Until this year, the most famous instalment of Dove's long-running campaign touting female self-esteem was Canadian-made. The "Evolution" film by Ogilvy & Mather Toronto examined the skewed perceptions of Photoshop in fashion ads, collected hardware at ad festivals including Cannes, and re-defined the still-nascent world of online video advertising. So when another campaign saw success that blew past "Evolution," the Canadian team at Unilever acted quickly.

But it was not because of wounded pride. Unilever Canada's marketing team wanted to capitalize on the success of the new video, "Dove Beauty Sketches" – and knew that to do so effectively, in a digital world that moves on to the next thing with lightning speed, they would have to move fast.

There was good reason to want to draw more benefit out of the campaign. The video, featuring an FBI-trained forensic artist sketching women to show them how their self-image differed from how others see them, has reached more than 100-million views online across different channels in the month since its launch. In comparison, "Evolution" has reached just a little over half that in its seven-year lifespan. (On one YouTube link, it appears "Evolution" has roughly 16-million views, but companies count views across channels to tabulate these numbers. Unilever puts the viewcount at 52-million.) It decided to make a Canadian sequel for Mother's Day this month, with its long-time agency Ogilvy in Toronto, and brought everything together in just one week.

"It takes the same time to create an ad as it does a baby. It's generally nine months from beginning to end," said Sharon MacLeod, Unilever Canada's vice-president of marketing. "There's an opportunity to be faster-moving. It means we all have to work a bit differently."
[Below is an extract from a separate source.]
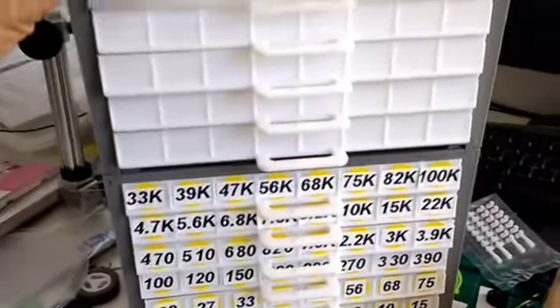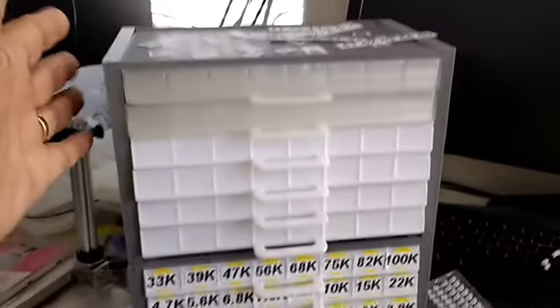This is Mario with MIM Microflight and these are my resistor bins. This is my second cabinet here.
The new version featured the same sketch artist and the same exercise – creating one sketch based on the women's self-description, then a second based on someone else's view of them – but with daughters describing their mothers' beauty instead of strangers, as in the original video. It has racked up half a million views in one week. Other Unilever offices around the world have picked up the video to promote in their countries as well; it has already been translated into Portuguese for the Brazilian market.

The campaign illustrates the way that marketing in a social media age depends more heavily than ever on speed. During the Super Bowl this year, the most talked-about ad of the big game was not on television; it was a quick-thinking tweet sent out by Oreo, making a branded joke about the blackout in the stadium. For a multinational packaged goods company, this kind of marketing involves a shift in things like the approvals process for new advertising creative, and in the way they work.
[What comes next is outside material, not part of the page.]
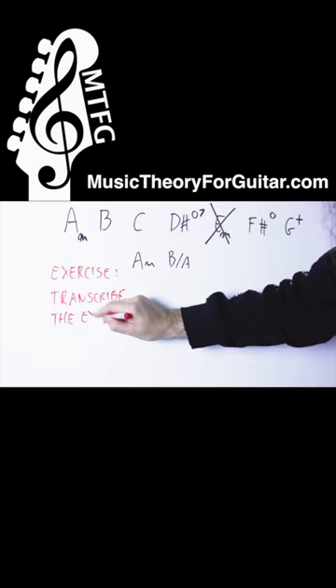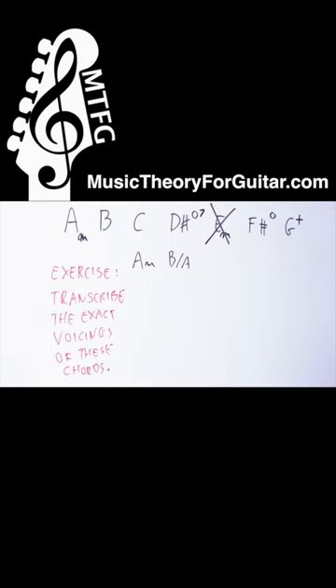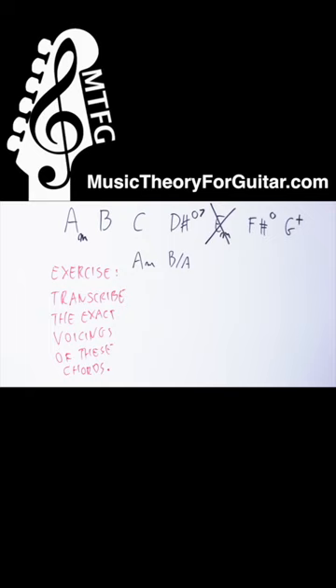This whole thing can sound more interesting if you start using different inversions and different positions for this A minor and this B slash A.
"This isn't about researching things to death. It can't be scripted. It has to be authentically what people say, and authentically coming from the brand. There's a lot of transparency about that," Ms. MacLeod said.
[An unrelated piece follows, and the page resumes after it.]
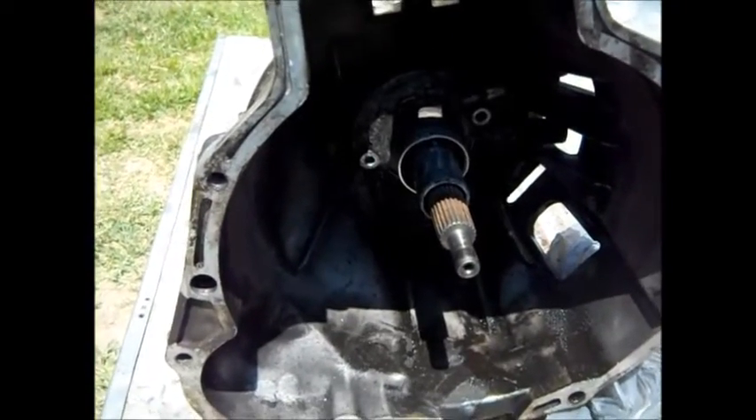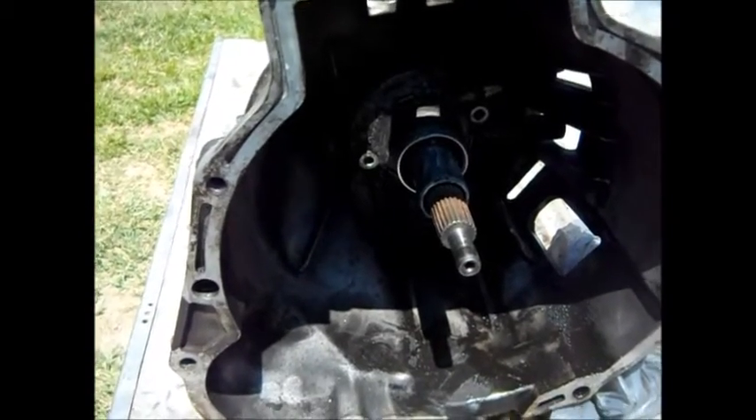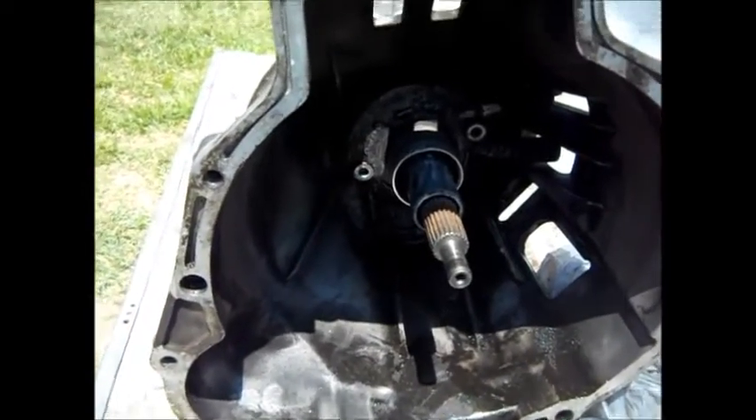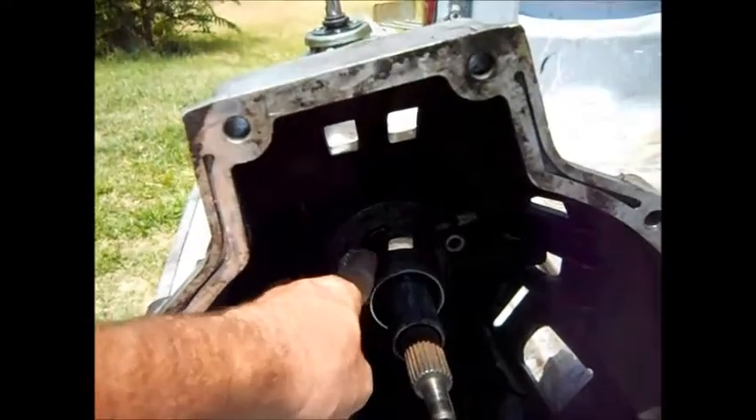So I drained it and purged it again to see if there's any air in it, but it made no difference at all. So of course, if the one behind the pedal is okay, it must be the one at the transmission — this one — which is bad.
To make the new video happen so quickly, Unilever turned to Facebook, where its Canadian fans had reacted to the original campaign. The company contacted a few fans who had commented that they would love to do something similar. It then invited their daughters to participate as well, as a surprise. Rather than wait for a time that they could gather all participants in the same place, Unilever worked with Google Inc. to connect the subjects with the forensic artist in California online, via a Google+ Hangout.

The entire campaign has earned Dove a great deal of free publicity, but it has also attracted some criticism from those who feel it sends the wrong message by telling women to judge their value based on whether others see them as beautiful. The debate has pushed more people to watch the videos, including the Canadian instalment, and Unilever has supported them with online ads and social media promotions as well. Ensuring a quick turnaround to make more of that success was part of what Ms. McLeod calls "a newsroom mentality" for marketing – a term she picked up from the team at Google.

"The pace we're moving in marketing today is exponentially faster than it would have been five years ago," she said. "I think people when they see it, they see the authenticity too. That's when you get to the real values of a company."